This validates the address and gives you its normalized form. You should
**put the normalized form in your database** and always normalize before
checking if an address is in your database. When using this in a login form,
set `check_deliverability` to `False` to avoid unnecessary DNS queries.
### Overview
The module provides a function `validate_email(email_address)` which
takes an email address and:

- Raises a `EmailNotValidError` with a helpful, human-readable error
  message explaining why the email address is not valid, or
- Returns an object with a normalized form of the email address (which
  you should use!) and other information about it.

When an email address is not valid, `validate_email` raises either an
`EmailSyntaxError` if the form of the address is invalid or an
`EmailUndeliverableError` if the domain name fails DNS checks.
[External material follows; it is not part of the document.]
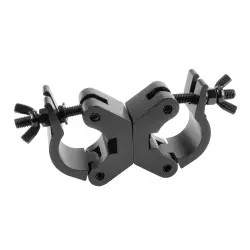 Hak ALU Czarny Podwójny 2x600kg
Both
exception classes are subclasses of `EmailNotValidError`, which in turn
is a subclass of `ValueError`.

But when an email address is valid, an object is returned containing
a normalized form of the email address (which you should use!) and
other information.

The validator doesn't, by default, permit obsoleted forms of email addresses
that no one uses anymore even though they are still valid and deliverable, since
they will probably give you grief if you're using email for login. (See
later in the document about how to allow some obsolete forms.)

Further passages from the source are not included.